*INSTRUCTIONS FOR THE TASK*: Lines from the one containing "A covered porch" through the last line of the data are to be returned exactly, both ends included, minus any pictures.
<<<<
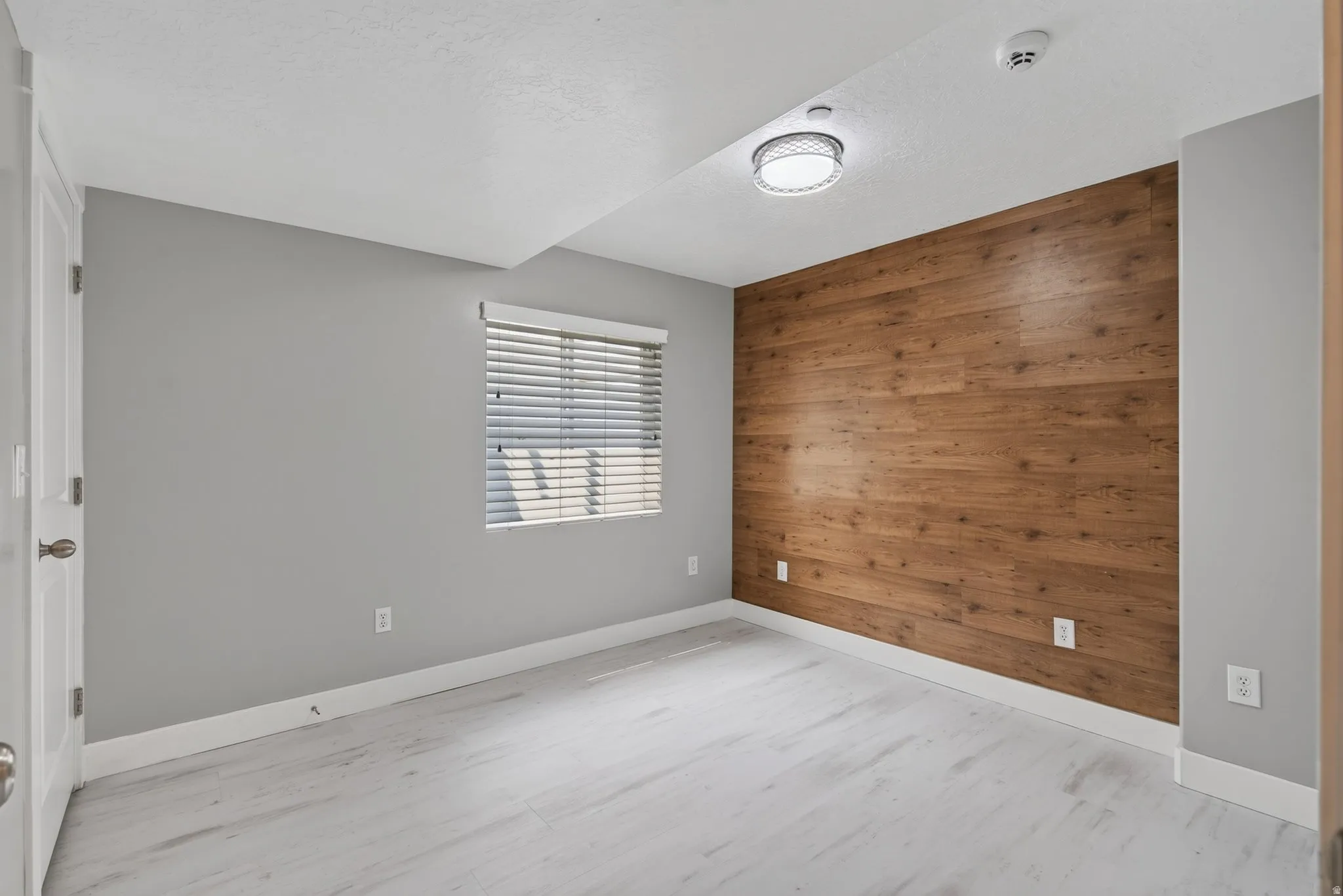 Basement bedroom 1 of 3 currently used as an office. Accent wall featuring horizontal wood-finish planks and luxury vinyl plank flooring with closet.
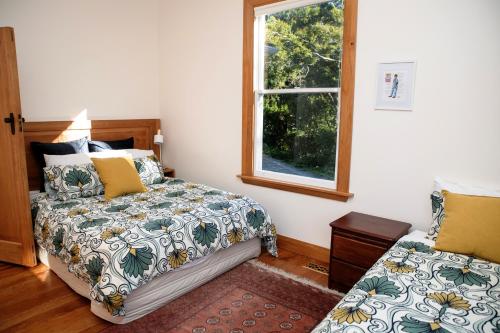 a bedroom with a bed and a window at Elegant Villa Nestled In The Trees in Nelson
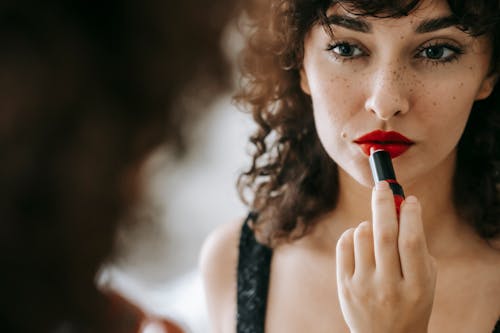 Attractive female with freckles and dark curly hair looking at mirror while applying red lipstick during cosmetic routine in room
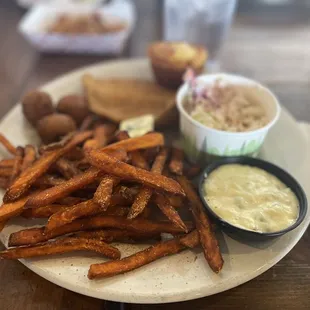 plate of sweet potato fries with a side of cole slaw
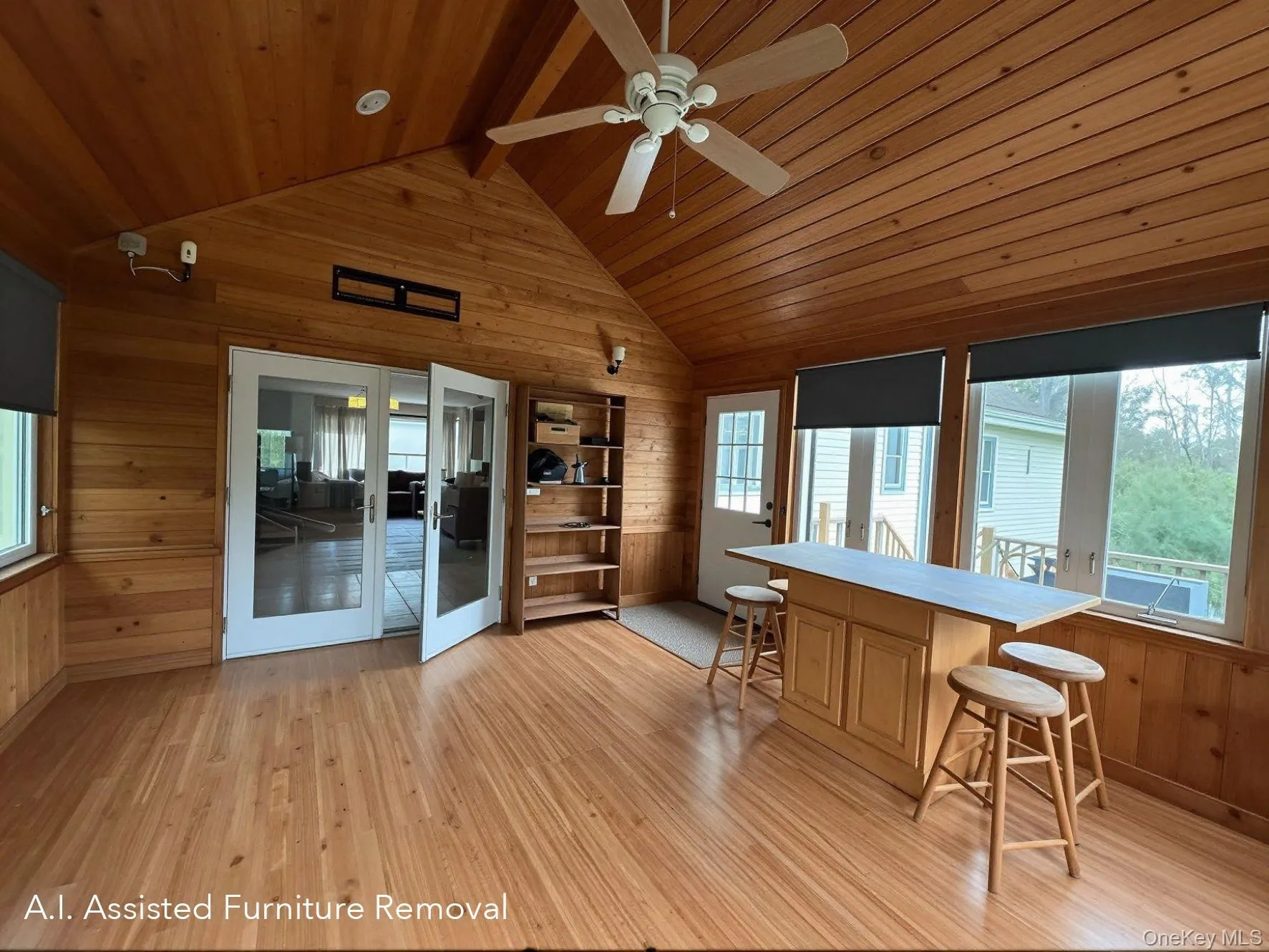 Insulated, wood-paneled three season room featuring a pellet stove, an angled vaulted ceiling with recessed lighting, a ceiling fan, and extensive wrap around windows with roller shades. Insulated, wood-paneled three season room featuring a pellet stove, an angled vaulted ceiling with recessed lighting, a ceiling fan, and extensive wrap around windows with roller shades.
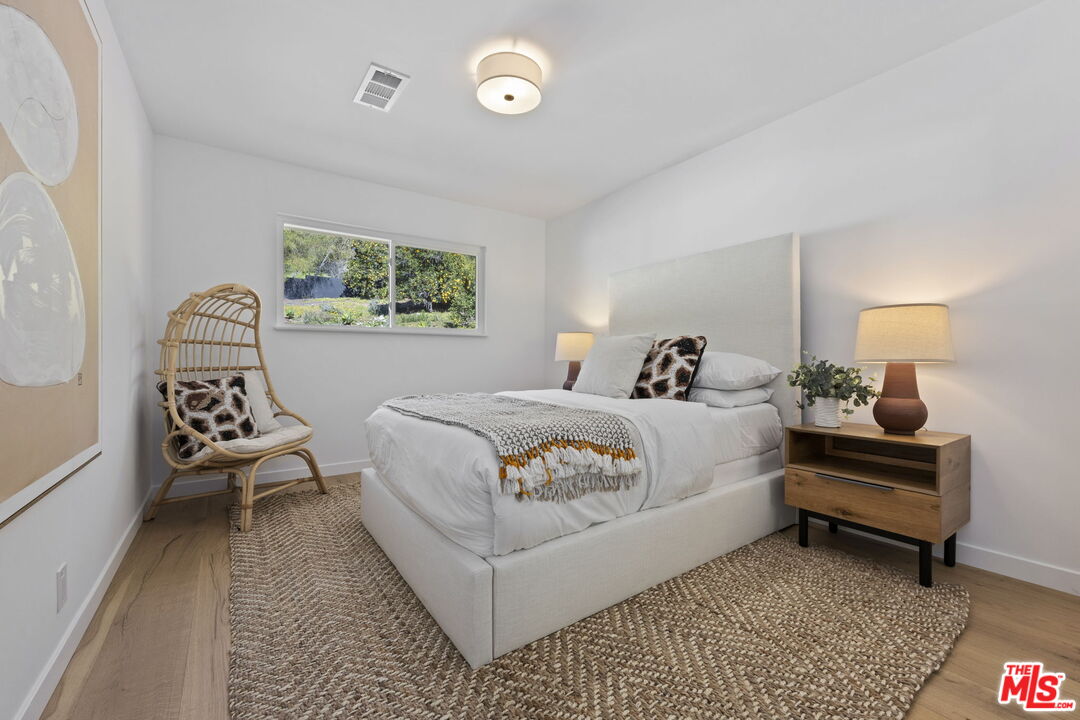 431 Montana Circle Ojai, CA 93023 - Photo 27 of 73 a bedroom with a bed and a chair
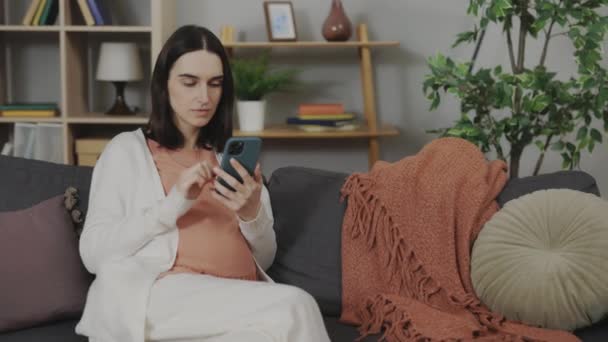 Вагітна жінка сидить на дивані з мобільним телефоном в руках — стокове відео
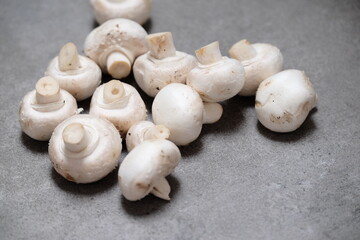 Raw mini mushroom champignon in a gray background. Top view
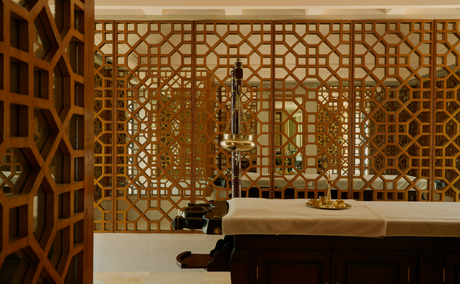 Spa treatment room at Amanbagh with ornate wooden lattice screens and stone bathtub.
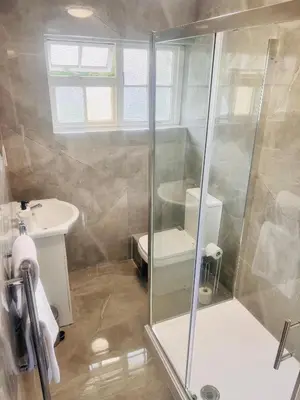 a bathroom with a shower and a toilet and a sink at Rivenhall Garden Hotel in Rivenhall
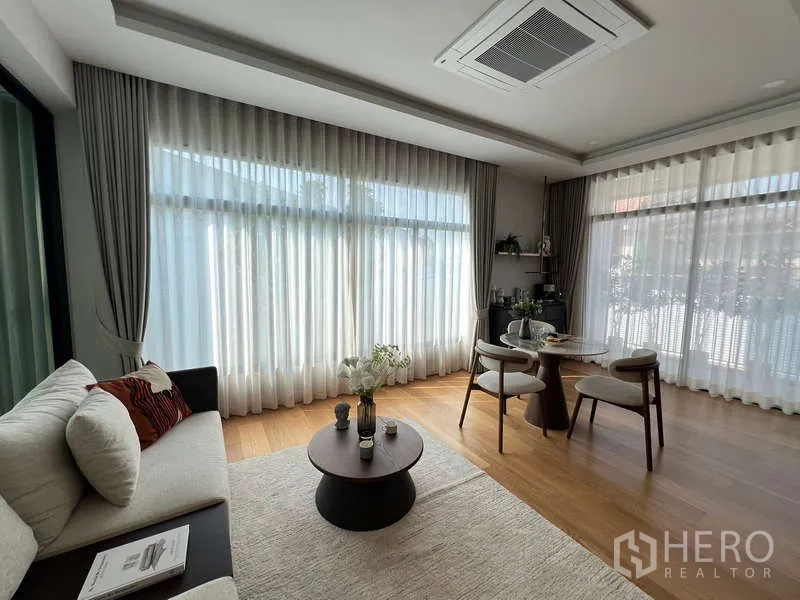 独立式住宅 出售在Suan Luang, Bangkok - 转角起居区，沙发与圆形餐桌，环景窗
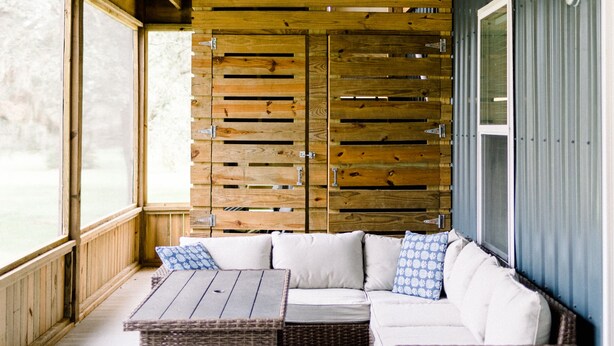 A covered porch with a wooden ceiling, wicker furniture, and a view of the outdoors. - Downstairs Studio style apartment on the River (Mermentau)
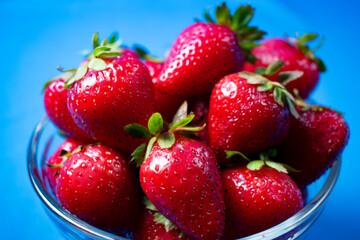 
Fresh strawberries on light blue background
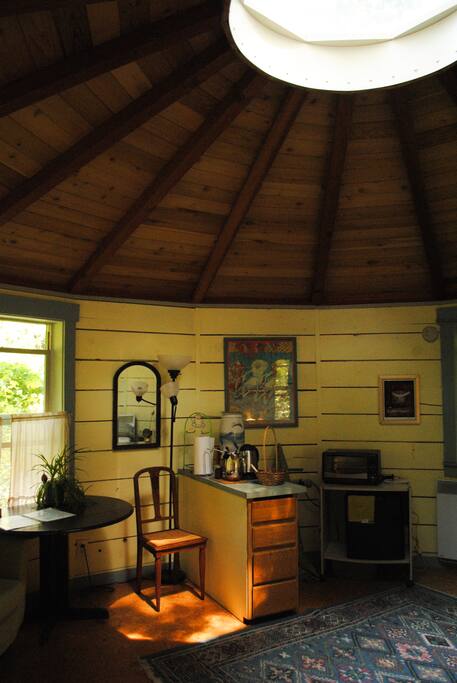 Full kitchenette, dining table, and lovely light from the garden.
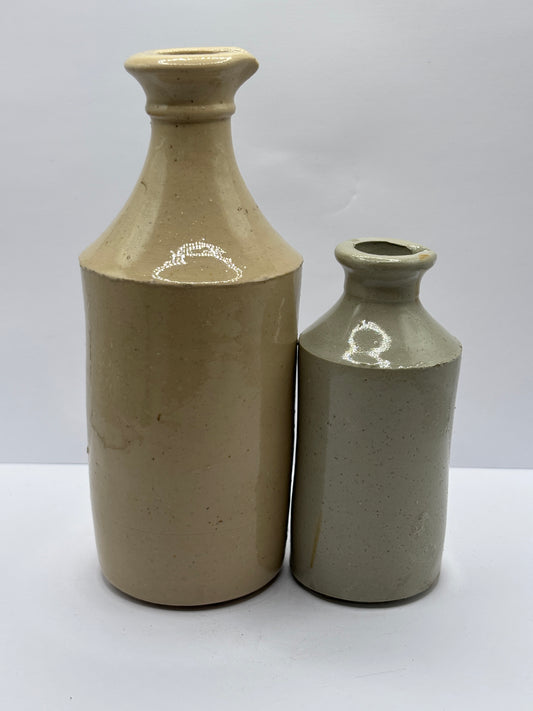 2 old white stoneware pouring ink bottles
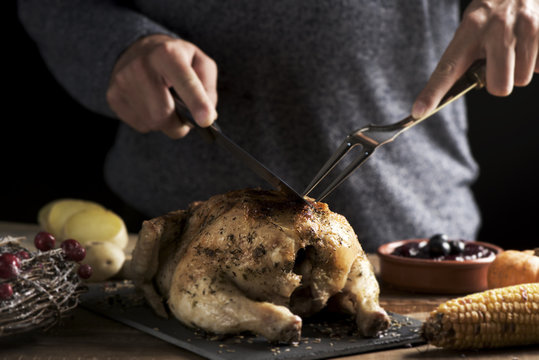 young man carving a roast turkey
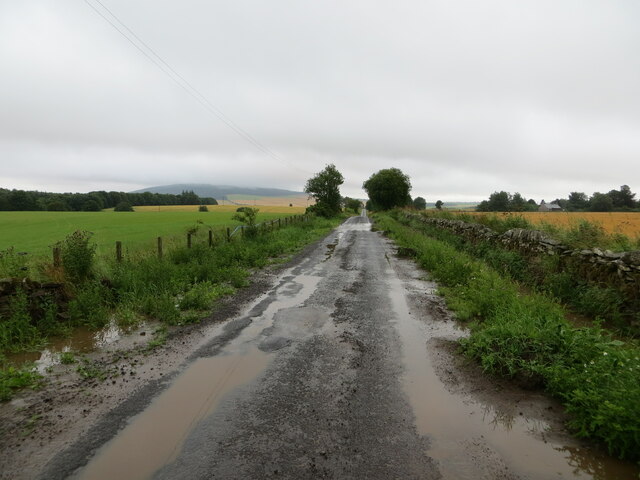 Water-logged minor road between Newton and Hatton in DD8 2JS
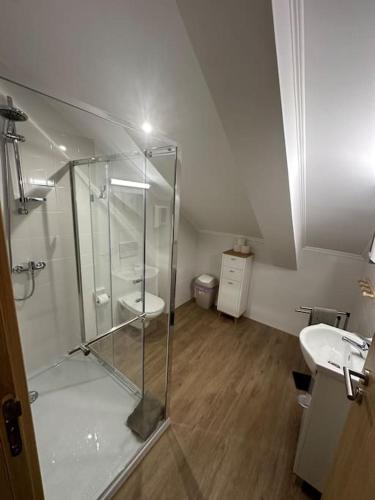 a bathroom with a glass shower and a sink at Castle House Loulé City Center in Loulé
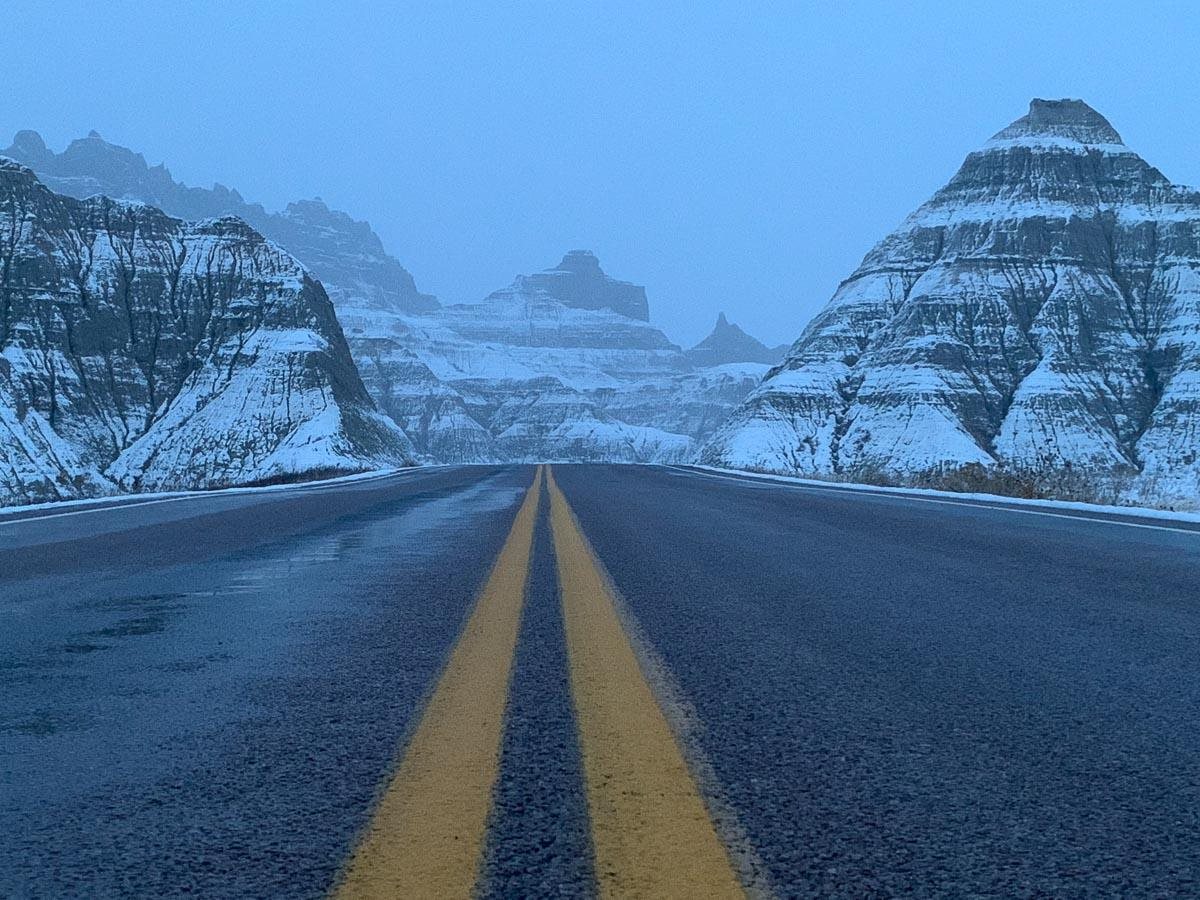 A road running between snow-covered Badlands formations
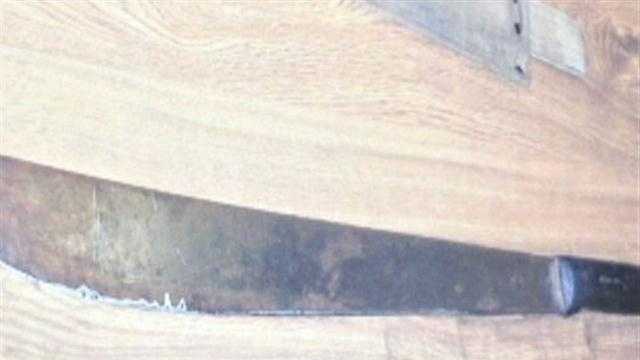 Man accused of threatening neighbor with machete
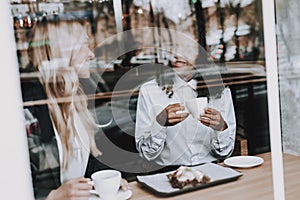 Blond Girl. Mulatto. Sit. Cafe. Drink Coffee.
>>>>
*SOLVED PROBLEM*:
 A covered porch with a wooden ceiling, wicker furniture, and a view of the outdoors. - Downstairs Studio style apartment on the River (Mermentau)
Fresh strawberries on light blue background
 Full kitchenette, dining table, and lovely light from the garden.
 2 old white stoneware pouring ink bottles
 young man carving a roast turkey
 Water-logged minor road between Newton and Hatton in DD8 2JS
 a bathroom with a glass shower and a sink at Castle House Loulé City Center in Loulé
 A road running between snow-covered Badlands formations
 Man accused of threatening neighbor with machete
 Blond Girl. Mulatto. Sit. Cafe. Drink Coffee.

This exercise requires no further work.